L’Artista deve essere sempre contro il potere, contro ogni fascismo. E soprattutto non deve mai essere un conformista. Io Artista non posso restare impassibile di fronte al fatto che stanno per cambiare, addirittura, il sistema di governo; e di fronte ad una realtà di inaudita gravità dovrei restare zitta? Ho il dovere di urlare la verità, con tutta la voce che. Con il mio lavoro. Il mio lavoro deve essere una denuncia. Da anni subisco censura, l’ambiente artistico da anni mi ha censurata. Per questo ho trovato e attuato uno stile di performance «colpisci e scappa». Come la guerriglia. Nell’ultima performance che ho ideata a novembre 2016, in occasione della Fiera d’arte di Istanbul, «Hit and run my heart». Ho inchiodato a martellate i cuori di animali. Ho chiuso la performance gettando verso il pubblico il manifesto insanguinato che avevo scritto.

Tu sei dovuta scappare in Italia, nel 2010, perché avevi ricevuto minacce di morte. Come è nata l’idea di Hamam? Una delle tue provocazione più riuscite.

Ho realizzato Hamam nel 1997 per la Biennale di Istanbul. Ho usato l’Hamam per due ragioni: è un luogo a me molto caro. Mi riportava alla mente momenti molto affettuosi con mia mamma, lei ci portava ogni fine settimana, avevo scoperto il corpo femminile nell’ Hamam. L’Hamam mi ricordava mia madre, la mia infanzia con lei. Raccontare l’Hamam era con ricordare mia madre, che era mancata da poco. La seconda è che l’Hamam è un posto per godere, divertirsi. Era un servizio per uomini. Un posto maschile. E io dovevo interromperlo, entrare nella parte maschile. C’è una ricerca estetica di alto livello come «tableau vivant» di Caravaggio o un affresco di Pompei.

Parlami di «Matrimonio con tre», un’altra tua performance.

Matrimonio con tre come performance nasce da un fatto che mi è accaduto.
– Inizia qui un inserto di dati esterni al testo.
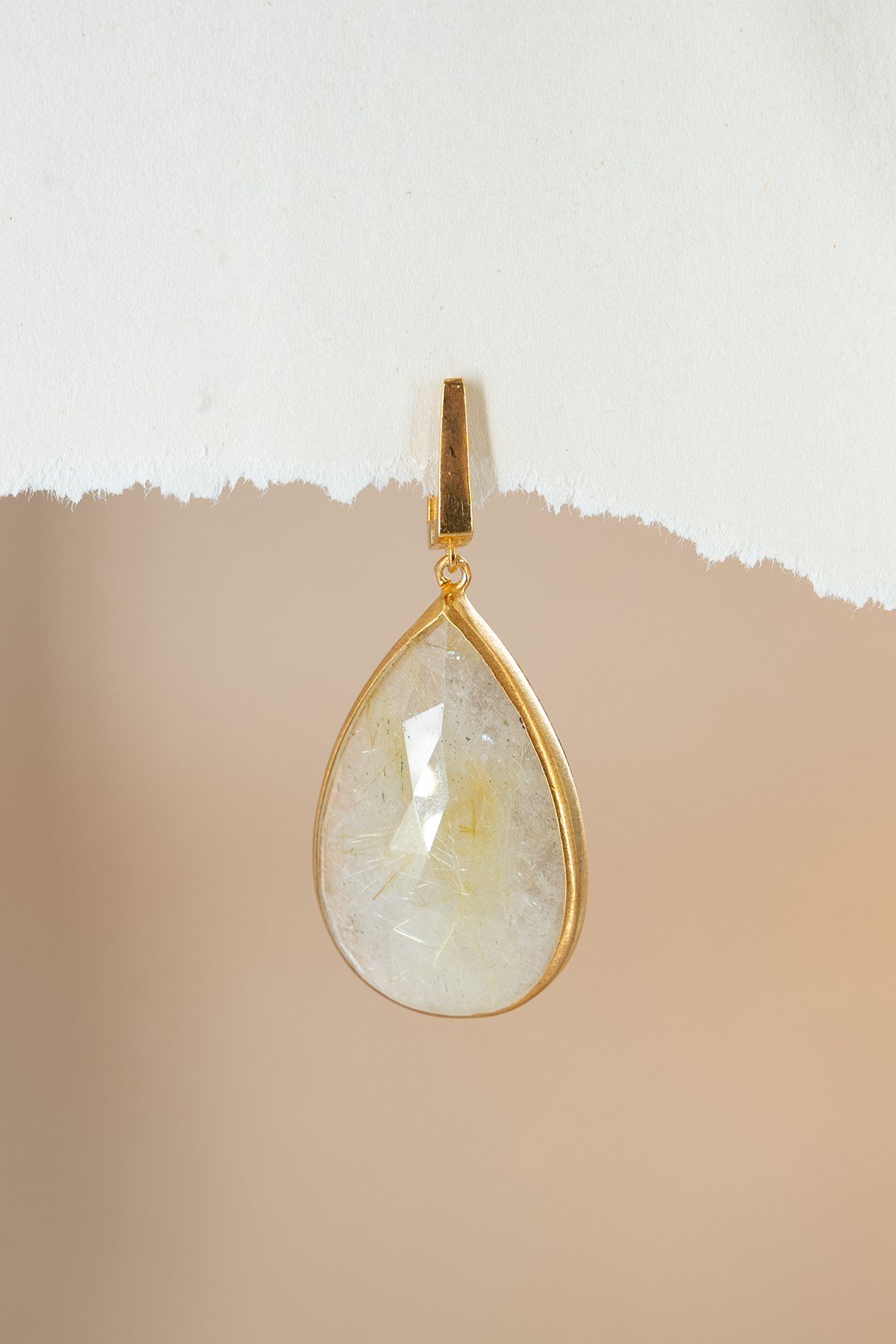 Gold Rutil Quartz Taşlı Gümüş Küpe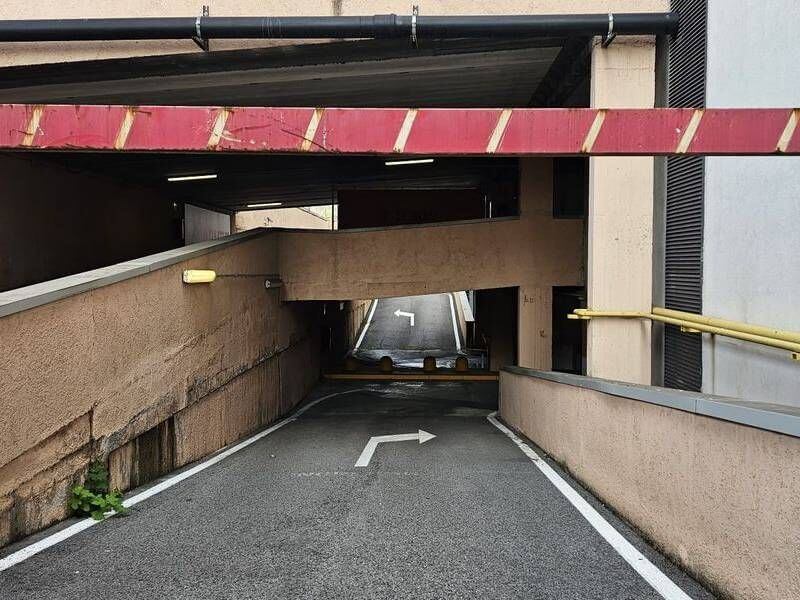 Drivers Gilbe - Porto Trieste Ingresso Drivers Gilbe - Porto Trieste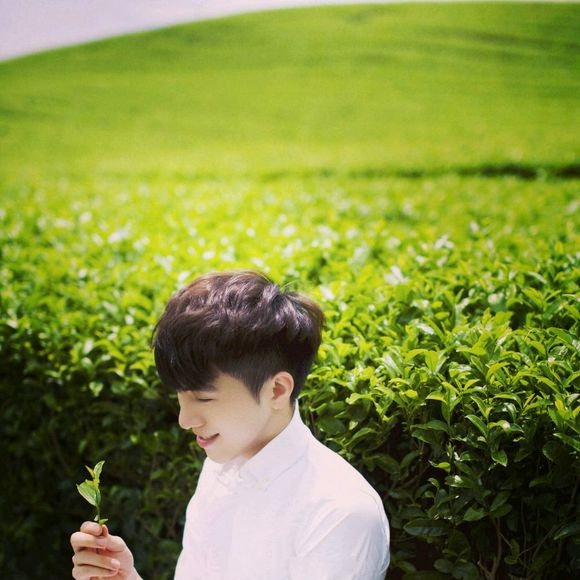  p data-id="go1jfadrx2">吴大伟,1992年出生于广东省 a target="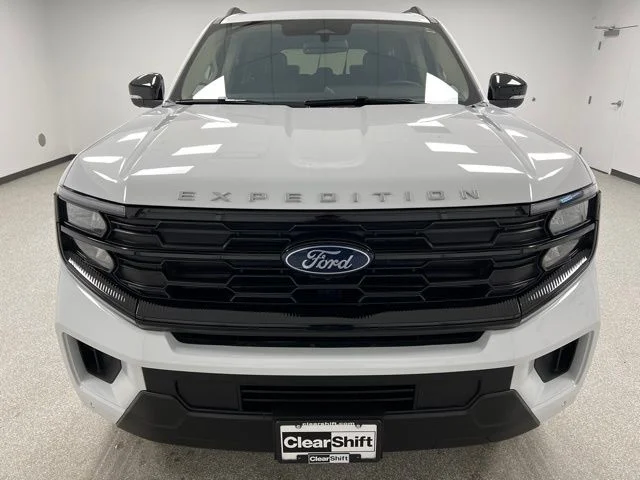 Used 2025 White Ford Active image 3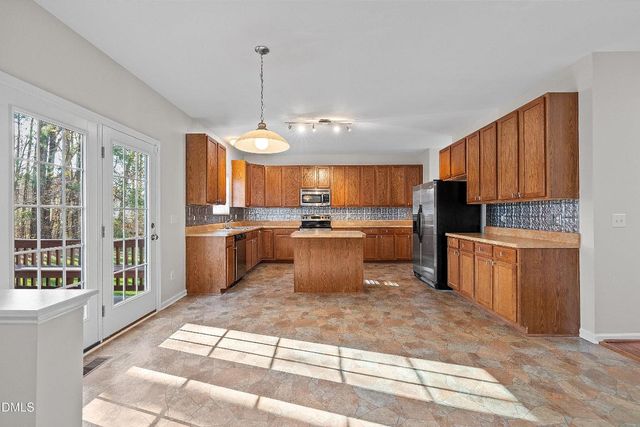 5060 Stonewood Pines Drive, Knightdale, NC 27545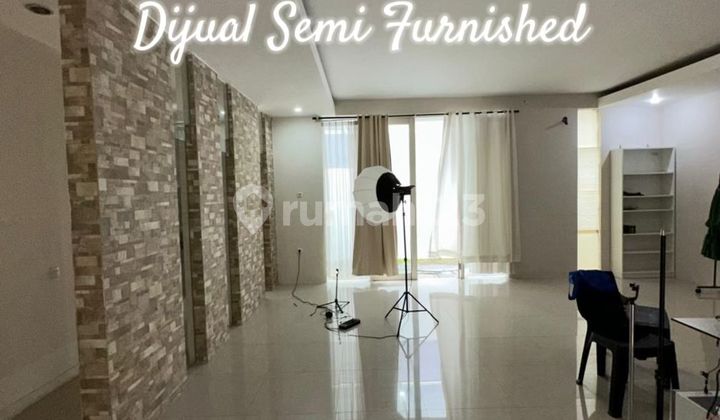 Rumah Mewah Semi Furnish di Citrasun Garden Semarang 2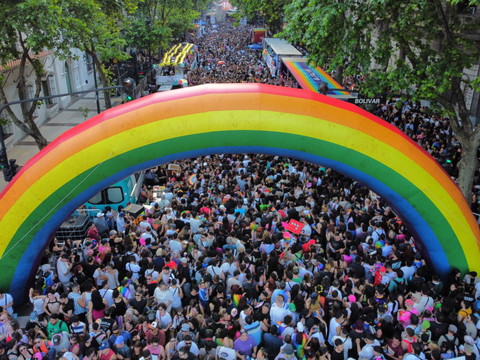 La loi hongroise anti-LGBT viole les valeurs fondamentales de l'UE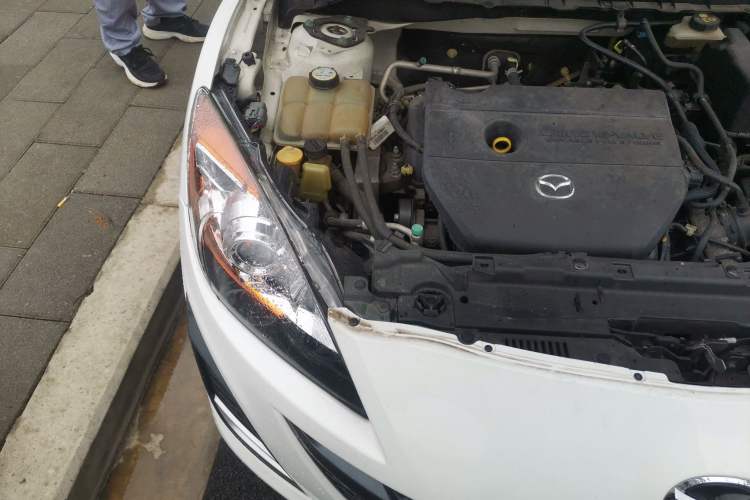 Used Mazda 3 2011 Sedan 2.0L Manual Sport Model Right Front Headlight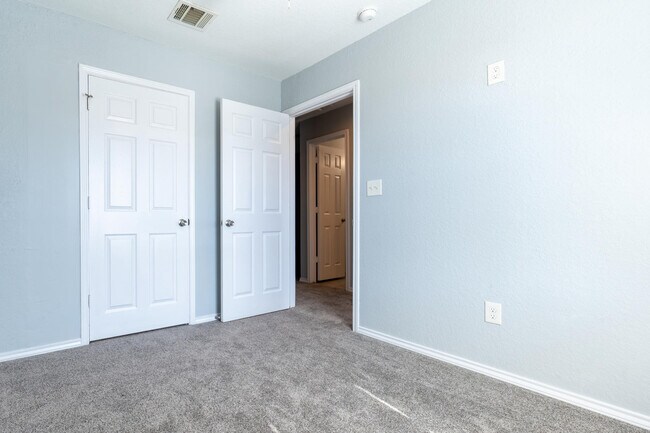 Building Photo - 6918 Crestway Dr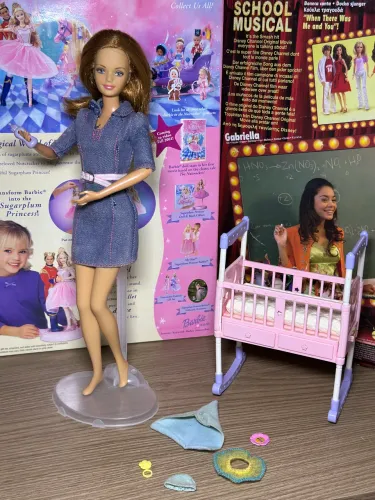 Boneca Barbie Midge Happy Family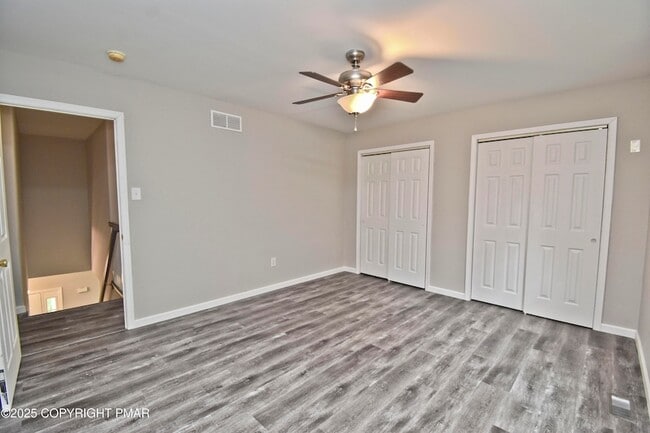 Building Photo - 557 Marco Way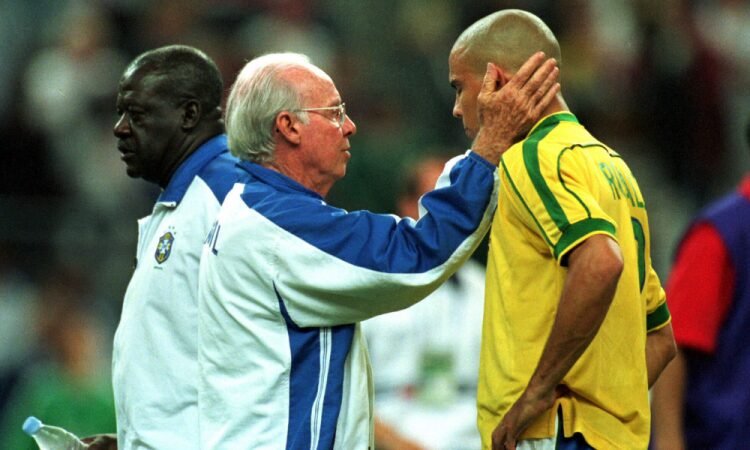 Ronaldo Fenômeno se consagra como maior artilheiro do Brasil em Copas do Mundo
Nel 1994 ero studentessa all’Accademia di Belle Arti di Roma, nonostante ciò, per un problema burocratico, mi hanno espulsa. In poco tempo mi sono ritrovata clandestina, non potevo viaggiare. Ho capito che cosa vuol dire extracomunitaria. Ho reagito con questa performance, anche perché tutti dicevano «sposati un italiano cosi ti salvi». L’idea mi e venuta cosi. Ho organizzato un matrimonio con tre persone, uno era una donna e gli ho chiesto se poteva diventare un uomo. Così avevo celebrato anche un matrimonio omosessuale.

Il 20 Marzo del 2016 dopo l’attentato nel quartiere Beyoglu nel corso di una performance hai invitato la gente ad uscire di casa e a cantare. Quale era il senso che volevi dare a questa cosa?

Dopo l’attentato di Beyoglu il fine settimana la gente si è chiusa a casa per paura. Ho deciso di fare questa performance nelle ventiquattrore successive all’attentato. Dopo che era stata diffusa la notizia che non dovevamo andare in piazza, in metro nel centro commerciale. Ebbene, sono andata lì ed ho iniziato a cantare una canzone d’amore, che ho diffuso in diretta via «Periscope». Dicevo uscite di casa non dovete avere paura assolutamente, dobbiamo riempire la piazza insieme, dobbiamo cantare a voce alta. Un artista non si può fermare, non può restare zitta davanti al fascismo che avanza.